§ GOAL OF THE EXERCISE:
Write the entries out again exactly; any picture among them gets left out.
+ + + +
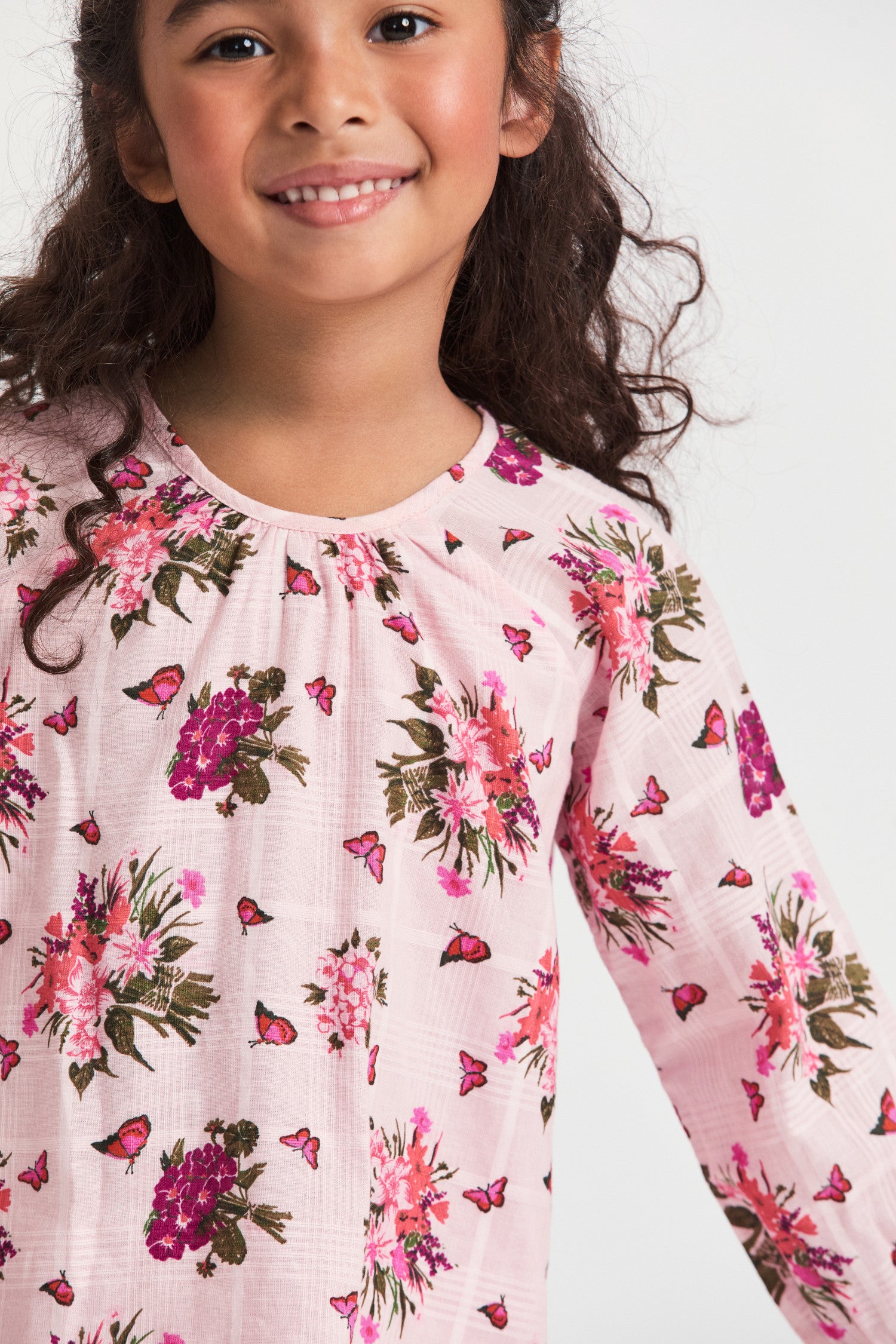 Girls floral pink print dress with long-sleeves.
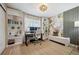 Well-lit home office with built-in bookshelves, a large desk, and stylish decor for a productive workspace at 1099 Thornbury Pl, Highlands Ranch, CO 80129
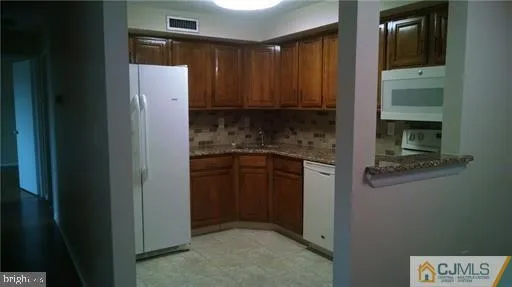 a kitchen with a refrigerator and cabinets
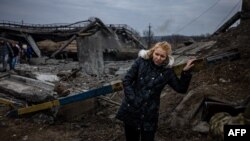 A woman rests after crossing a destroyed bridge as she evacuates from the city of Irpin, northwest of Kyiv, on March 7, 2022.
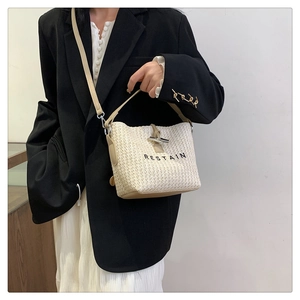 Détail d'un sac à main tissé avec garniture en cuir et boucle bambou argentée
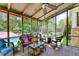 Relaxing screened porch boasts views of the outdoor pool and private yard at 4562 Lucerne Valley Sw Rd, Lilburn, GA 30047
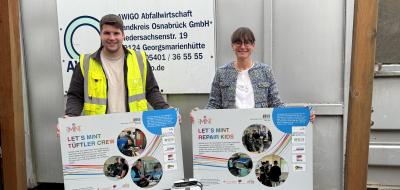 Zwei Personen stehen vor einem Container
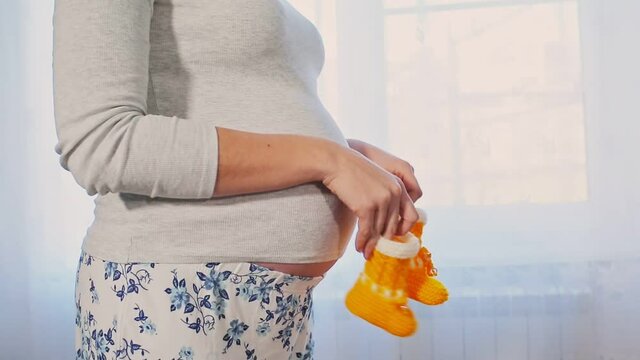 A young pregnant woman stands against a light window, holding knitted baby booties and walking them on her tummy.Belly and hands close-up. Concept of pregnancy and motherhood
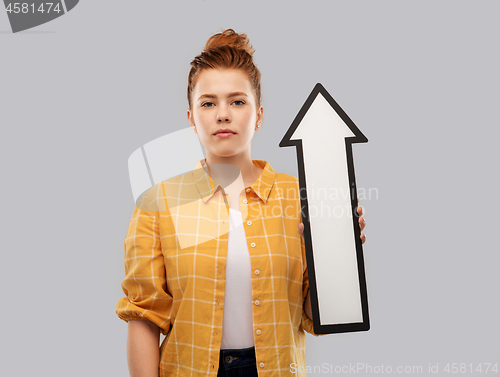 Image of red haired teenage girl with arrow showing up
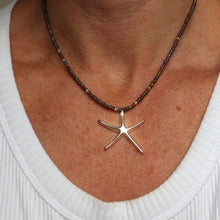 Load image into Gallery viewer, Starfish pendant necklace on a person wearing a white top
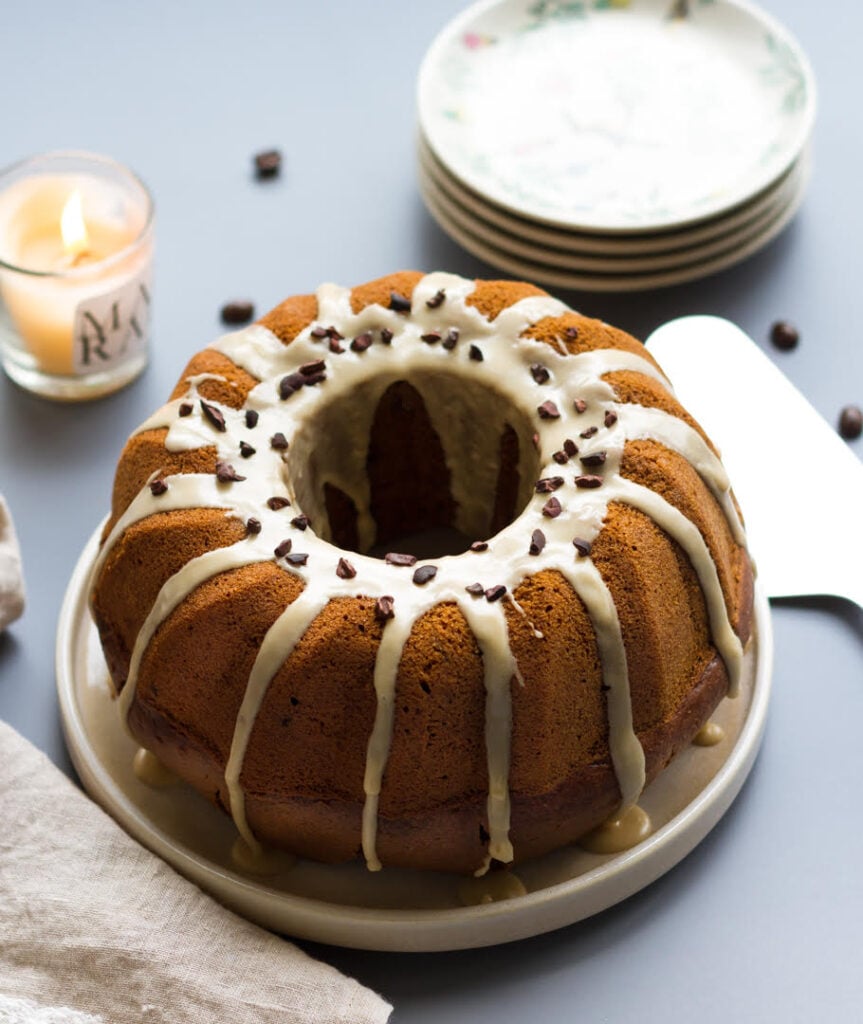 Espresso Bundt Cake on a serving platter with a cake server on the side.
+ + + +
§ RESPONSE AREA:
 Girls floral pink print dress with long-sleeves.
 Well-lit home office with built-in bookshelves, a large desk, and stylish decor for a productive workspace at 1099 Thornbury Pl, Highlands Ranch, CO 80129
 a kitchen with a refrigerator and cabinets
 A woman rests after crossing a destroyed bridge as she evacuates from the city of Irpin, northwest of Kyiv, on March 7, 2022.
 Détail d'un sac à main tissé avec garniture en cuir et boucle bambou argentée
 Relaxing screened porch boasts views of the outdoor pool and private yard at 4562 Lucerne Valley Sw Rd, Lilburn, GA 30047
 Zwei Personen stehen vor einem Container
 A young pregnant woman stands against a light window, holding knitted baby booties and walking them on her tummy.Belly and hands close-up. Concept of pregnancy and motherhood
 Image of red haired teenage girl with arrow showing up
 Load image into Gallery viewer, Starfish pendant necklace on a person wearing a white top
 Espresso Bundt Cake on a serving platter with a cake server on the side.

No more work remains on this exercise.